Students stage show of solidarity for school shooting victims

Hundreds of students gathered on Mar. 14 to protest gun violence in school shootings. The walkout featured students’ speeches, such as senior Shasta Sholes, president of the Social Justice League.

Sam Brook and Shannon Coan

Enough. Nunca más violencia. Never Again. We call BS. Nosotros somos el cambio. These are the words and posters that filled the air as students and staff walked out to protest gun laws and honor the victims of school shootings March 14.

This national walkout was planned in response to the Marjory Stoneman Douglas High School (MSD) shooting in Parkland, Florida Feb. 14, where 17 students and staff were killed. Across the country more than 3,000 walkouts occured.

“We found out about this national protest, and we said, ‘We need to do something. We can’t be silent. We can’t just sit here while this issue continues to happen,’” junior organizer Adam Griffin said.

The student organizers came up with the idea while on Sojourn to the Past, a week long trip where students learn about the Civil Rights Movement. Once home, they partnered with the Social Justice League and Unity Club to organize speakers and discuss involving the whole school. ASB also assisted by placing post-its with positive messages on lockers and leading a ceremonious moment where students released balloons as others read the names of the 17 victims from MSD and schools who have recently had a school shooting.

“We hope to raise awareness about not only what’s happening, but what you can do to make a change and stand up for this,“ senior organizer Alex Strehlow said.

Furthermore, the walkout’s goal was to demand change and show that Sequoia stands in solidarity with all schools that have experienced gun violence.

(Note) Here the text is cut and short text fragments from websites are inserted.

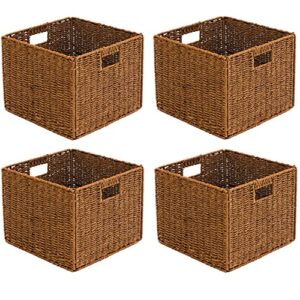 trademark innovations foldable storage basket brown 12.7"l x 12.7"w x 10"h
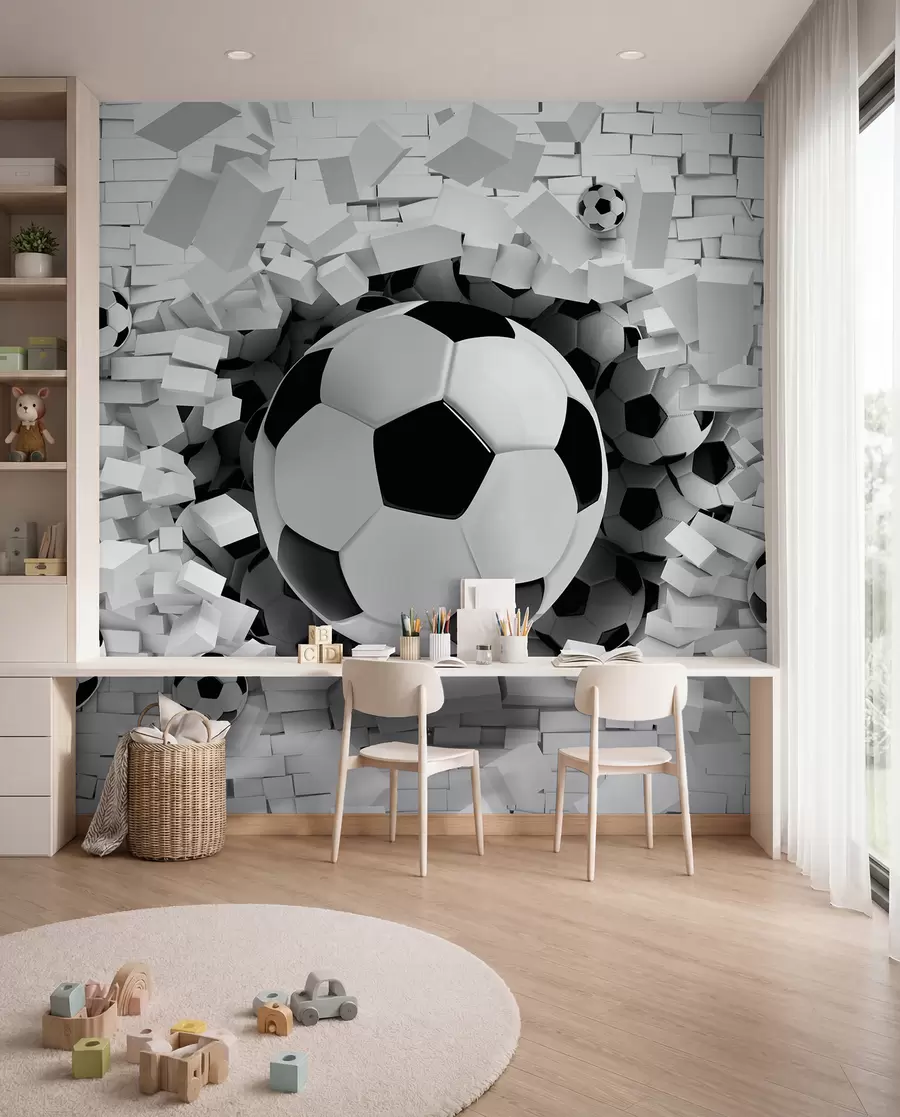 Fotobehang De voetbal breekt door u96315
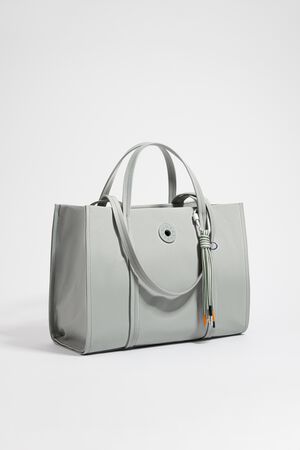 L gray nylon shopper bag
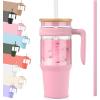 imageTronco 40 oz Glass Tumbler with Handle Bamboo Lid and Straw Fits Cup Holders Reusable Glass Water Bottles for Iced Coffee and Smoothie LeadFree BPAFreePinkBamboo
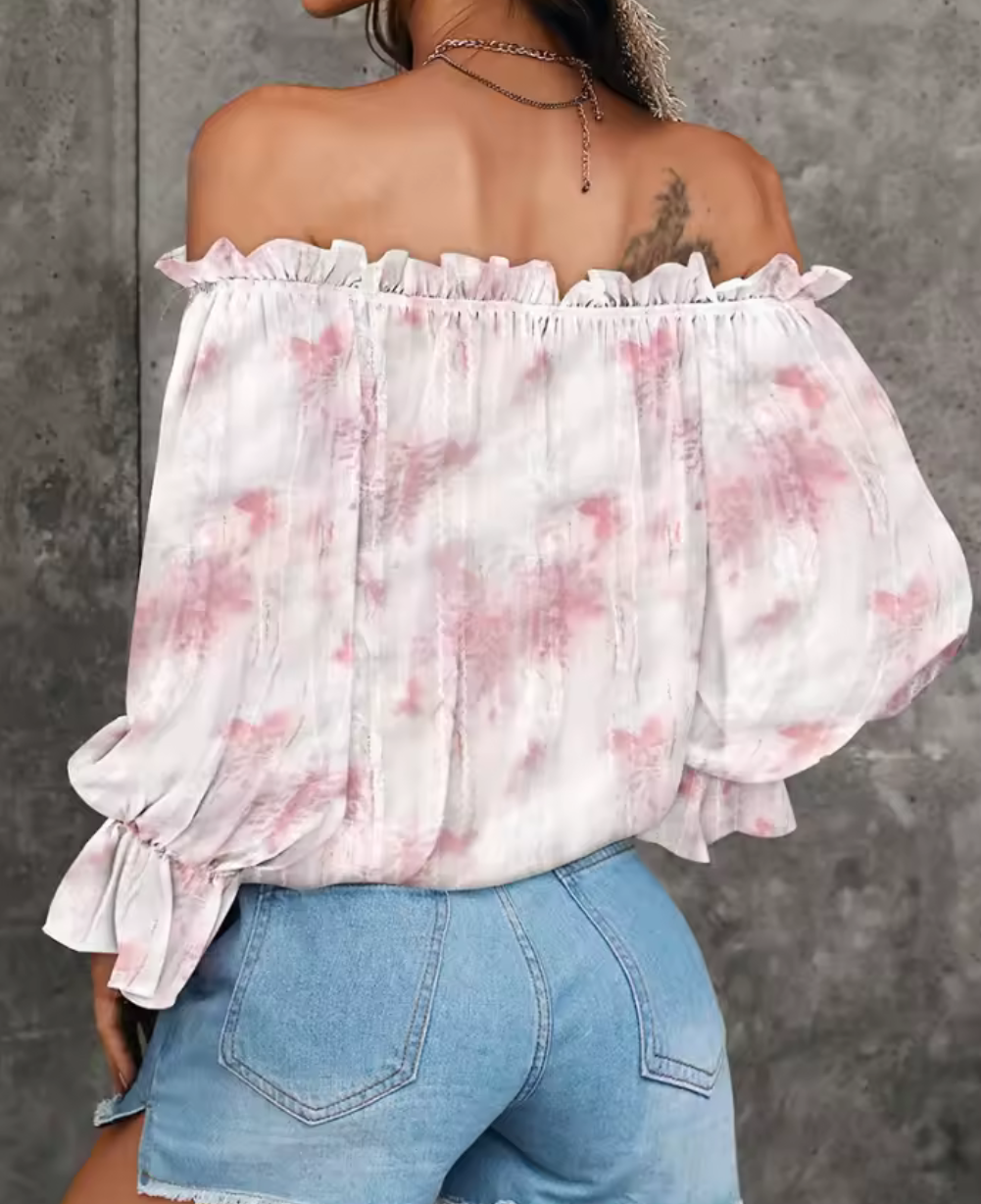 Off-Shoulder Blus med rosa batik & puffärm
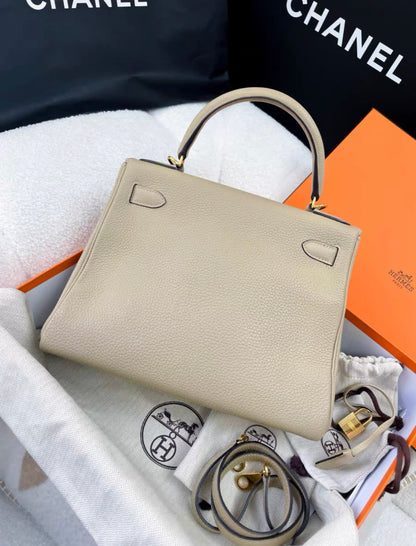 Hermes Kelly 28 gray togo leather gold hardware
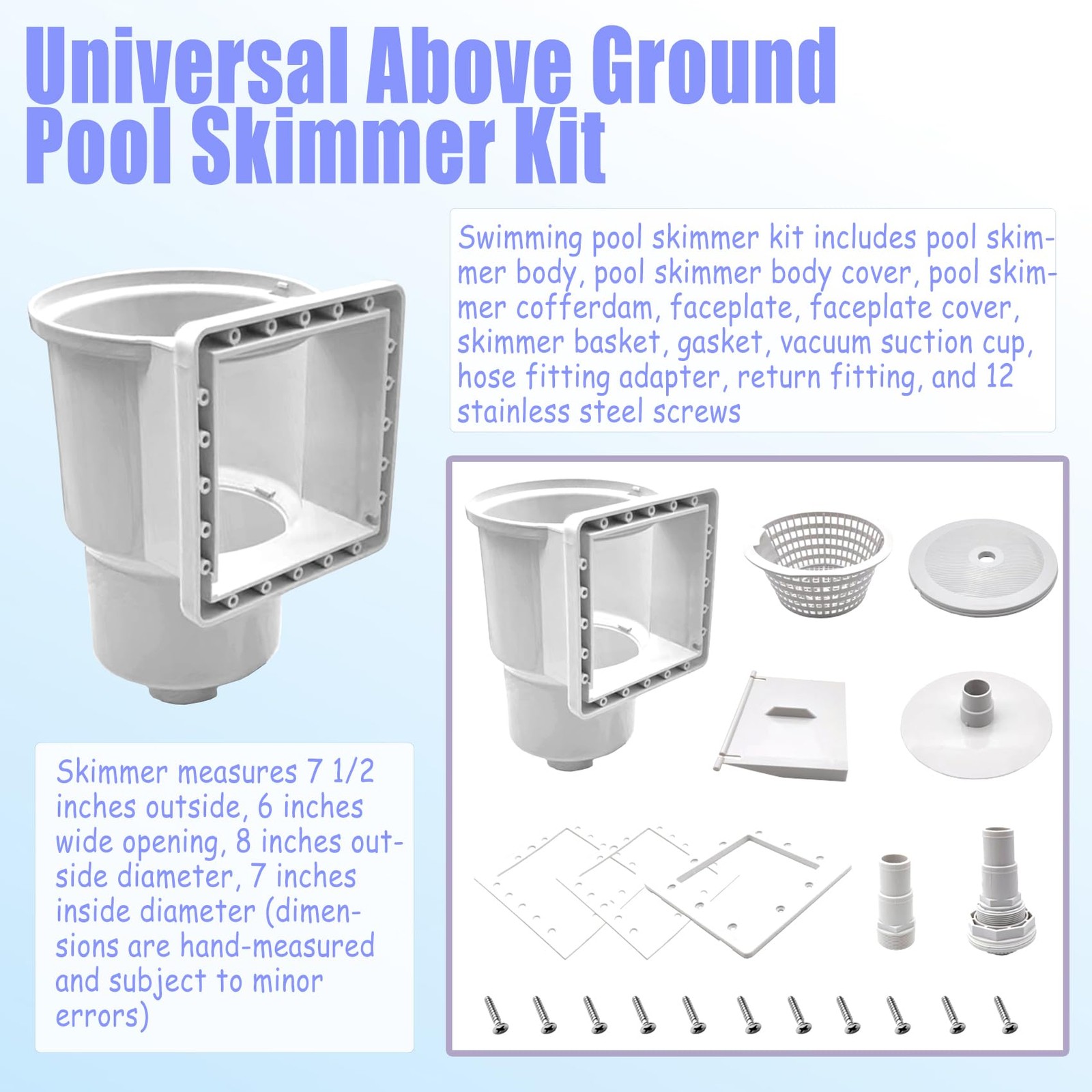 Above Ground Pool Skimmer Thru Wall Replacement 6 Inch Opening ABS Plastic Kit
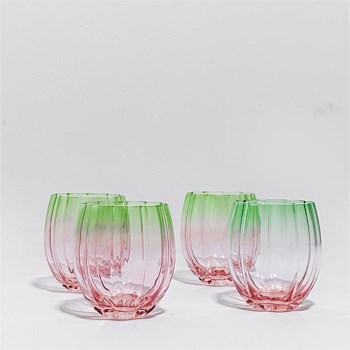 Petal Stemless Glass- Watermelon- Set of 4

“This is an issue that affects schools across the country,” junior organizer Diego De Nault said. “When it’s something that’s threatening students and the learning environment across the country, I think joining that movement and trying to be a part of that statement … is something that’s important and worth walking out for.”

The walkout started at 10 a.m. and was supposed to last for 17 minutes, one for each victim, but continued past that mark. Admin altered the bell schedule for the day to have brunch start at 10 a.m. in accomodation.

“I think that [changing the bell schedule is] fantastic because it’s showing that it’s not just the students, it’s also the school that’s supporting us,“ said Social Justice League President and senior Shasta Sholes. “The fact that they’re showing support is gonna be really beneficial for students because we know that they’re on our side.”

However, others were not happy about the bell schedule change.

“Putting it into the schedule completely defeats the purpose of a walkout,” sophomore speaker Sophie Cattalini said. “When it’s called a walkout, it means you are leaving something; you are leaving school or leaving class. When it is scheduled like this, it is in a way silencing students.”

Speakers throughout the walkout emphasized the need to continue this activism.

“17 minutes isn’t enough to change anything,” sophomore speaker Sarah Stampleman said in her speech. “This 17 minutes instead needs to be the awakening of the next generation of activists and more importantly voters who have the power to change something big. We just have to choose to do it.”

Other actions are planned for March 24, where a partner protest to the March For Our Lives is planned at the Courthouse Square and on April 20, when another national school walkout is planned.